The detection signal selected by the selection circuit 9 is applied to a coincidence detection circuit 10 and compared with a detection timing signal output from a frame counter 13. If the detection signal from the selection circuit 9 and the detection timing signal match,
The coincidence detection circuit 10 determines that a synchronization signal has been detected, and the protection circuit 11 maintains the same state when synchronization is established, and continuously performs synchronization during synchronization pull-in operation or before synchronization is established. It is determined that synchronization has been established when a match is detected, for example, six times.

[0015] Also, if the above timings do not match,
This is the case when the synchronization signal is not detected at all, or when the synchronization signal is detected at a timing different from normal, and the protection circuit 11 sends an inhibit signal to the inhibit circuit 12 when a mismatch is detected seven times in a row in the synchronization established state. A signal is output to inhibit the clock input to the frame counter 13.

Therefore, this synchronous circuit converts the input signal into n
Synchronization is achieved by expanding the signals in parallel, performing CRC checks on n signals in parallel, selecting one coincidence detection signal from each of the n coincidence detection signals in order of priority, and applying protection.
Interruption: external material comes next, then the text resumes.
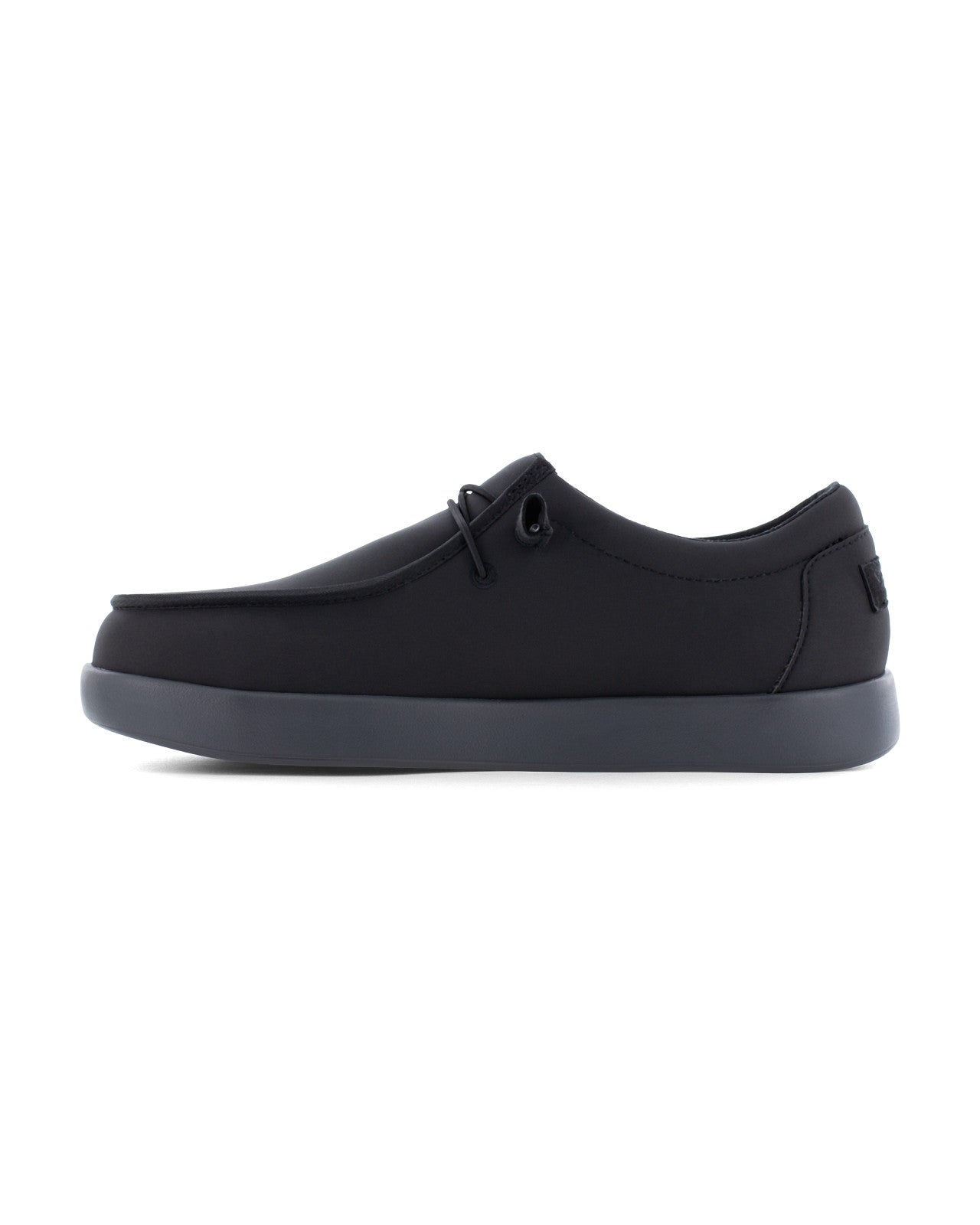 Women's Chill Safety Toe Water and Slip Resistant SD Work Sneakers - Image 4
FIG. 2 is a timing diagram showing operations in the coincidence detection circuit 10 and the protection circuit 11 when the selection circuit 9 selects coincidence detection signals output from n CRC calculation/comparison circuits 6 to 8. .

[0017]

[Effects of the Invention] As described above, according to the present invention, a plurality of CRC calculation/comparison circuits arranged in parallel perform CRC calculations, compare the calculation results with CRC bits, and output a coincidence detection signal. , the selection circuit sets a priority in advance for the coincidence detection signals output from each of the above-mentioned CRC calculation/comparison circuits, and when coincidence detection signals are outputted from two or more of the above-mentioned CRC calculation/comparison circuits at the same time, Since one of the coincidence detection signals is selected and output in the order of the set priority, even when input signals are expanded in parallel and synchronized, protection circuits for the number of parallel expansions are not required, making it possible to reduce the circuit scale. This has the effect that a synchronous circuit using a CRC check can be obtained.

[Brief explanation of drawings]

FIG. 1 is a block diagram showing an embodiment of the present invention.
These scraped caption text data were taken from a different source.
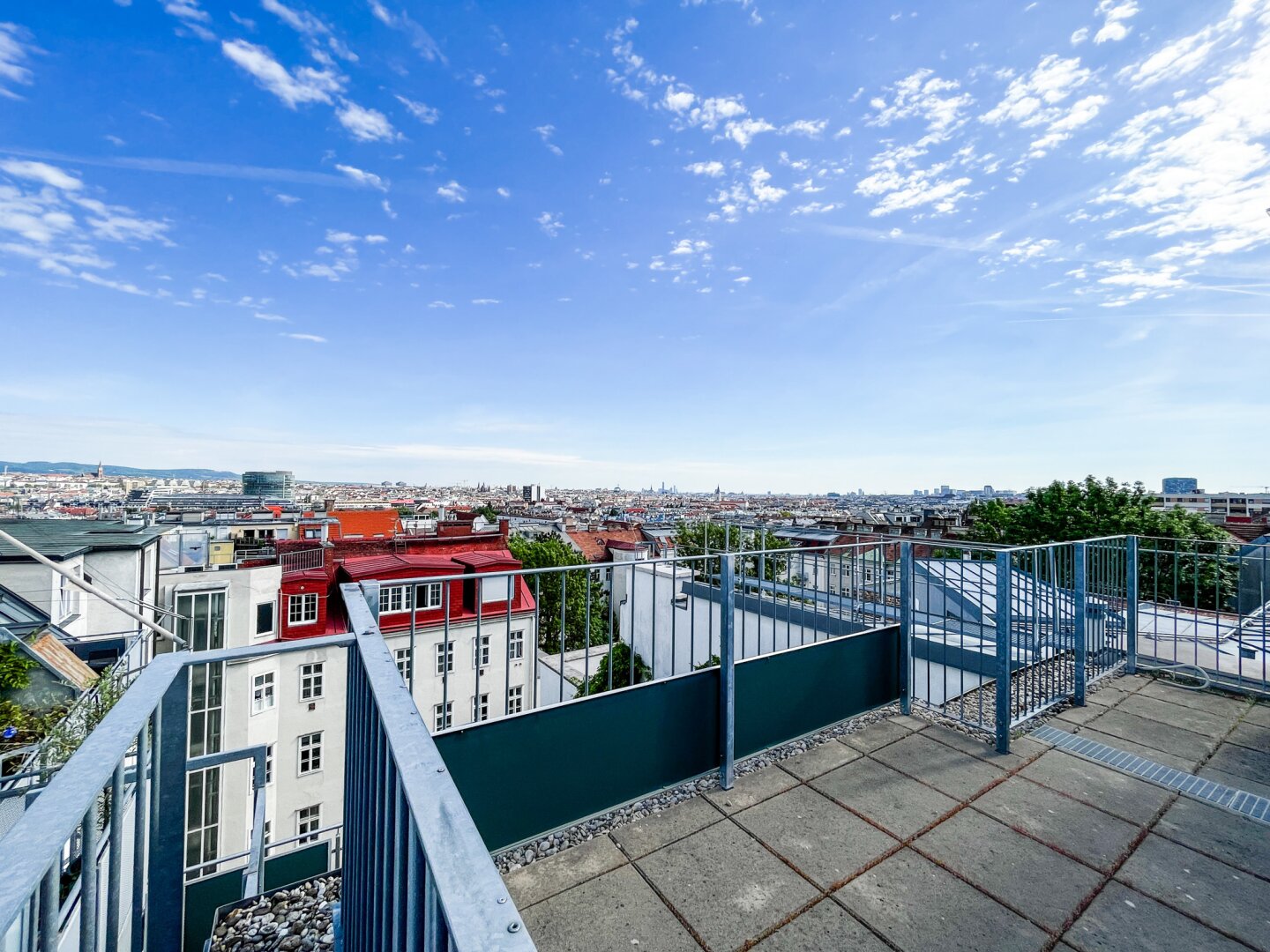 Wohnung zum Kauf 990.000 € 4 Zimmer 123,6 m²<br/>Wohnfläche Wien 1120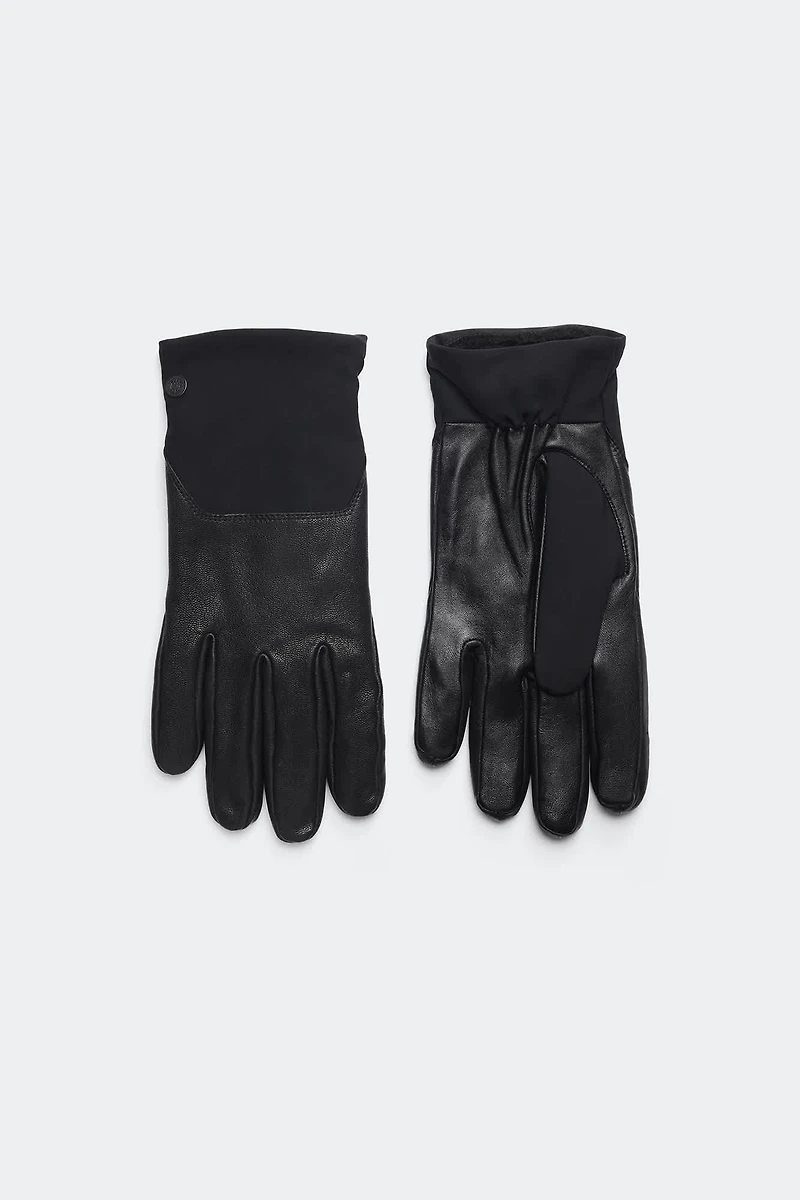 Mixed Media Glove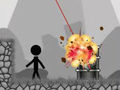 Spill Stickman vs Stickman online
FIG. 2 is a timing diagram showing the characteristic operation of the above embodiment.

FIG. 3 is a block diagram showing a conventional device.

[Explanation of symbols]

1 Serial to parallel conversion circuit 2 Frequency divider circuit 3 Flip-flop 4 Flip-flop 5 Flip-flop 6 CRC calculation/comparison circuit 7 CRC calculation/comparison circuit 8 CRC calculation/comparison circuit 9 Selection circuit 10 Coincidence detection circuit 14 Coincidence detection circuit 15 Coincidence detection circuit

Claims (1)

[Claims] Claim 1: In a synchronizing circuit that synchronizes a plurality of parallel signals developed in parallel by performing CRC checks in parallel, a plurality of parallel signals are arranged in parallel according to the number of parallel signals, and each of the plurality of parallel signals is A CRC calculation/comparison circuit that performs a CRC calculation and compares the calculation result with the CRC bits to detect a match, and a priority is set in advance for the match signal output from each CRC calculation/comparison circuit. 1 in order
A synchronous circuit using a CRC check, comprising: a selection circuit that selectively outputs two coincidence detection signals.